--- DATA PROVIDED Enclosed Below ---
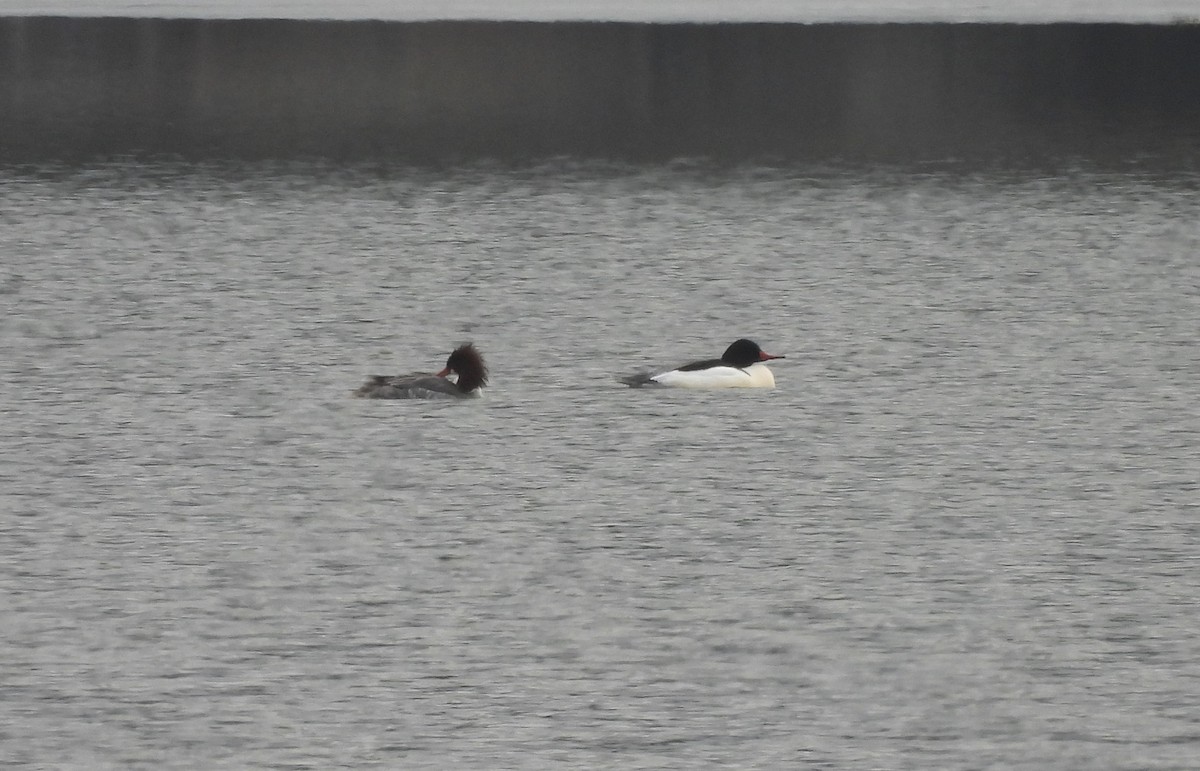 カワアイサ - ML652171394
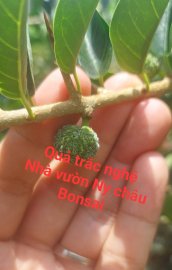 Trắc nghệ hoàn hảo kg sưu tầm thì quá tiếc nhỉ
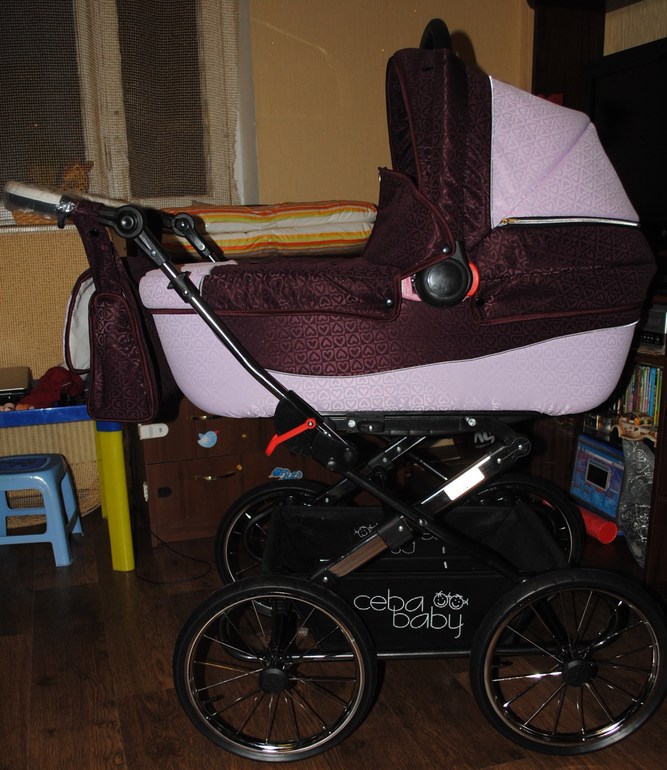 красавица Ceba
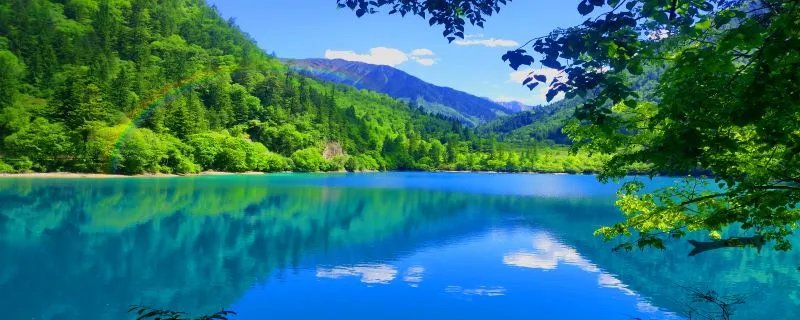 qq家族名字好听的 qq家族好听的名字大全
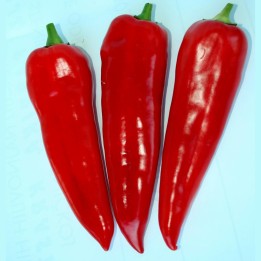 Sementes de pimento doce Kurtovska Kapija - 293.223938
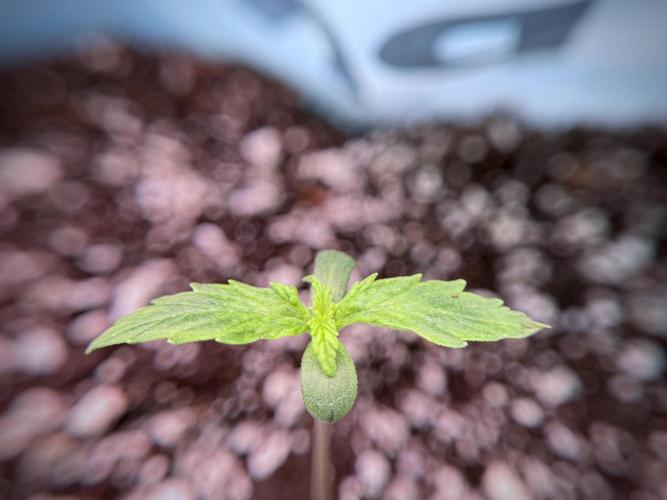 GMO Cookies Served with extra curiosity. Week 1 - GMO Cookies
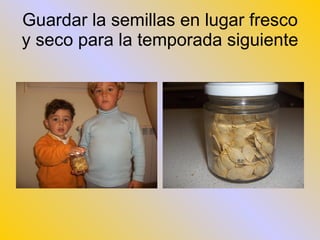 Guardar la semillas en lugar fresco y seco para la temporada siguiente 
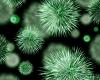 Microbial Metabolism in Biological Waste Water Treatment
--- End of Enclosed DATA PROVIDED ---
THE TASK:
Word for word, please, restate the lines of the listing from the one holding "Sementes de pimento" down to the last line, leaving out any pictures.

YOUR SOLUTION:
 Sementes de pimento doce Kurtovska Kapija - 293.223938
 GMO Cookies Served with extra curiosity. Week 1 - GMO Cookies
 Guardar la semillas en lugar fresco y seco para la temporada siguiente 
 Microbial Metabolism in Biological Waste Water Treatment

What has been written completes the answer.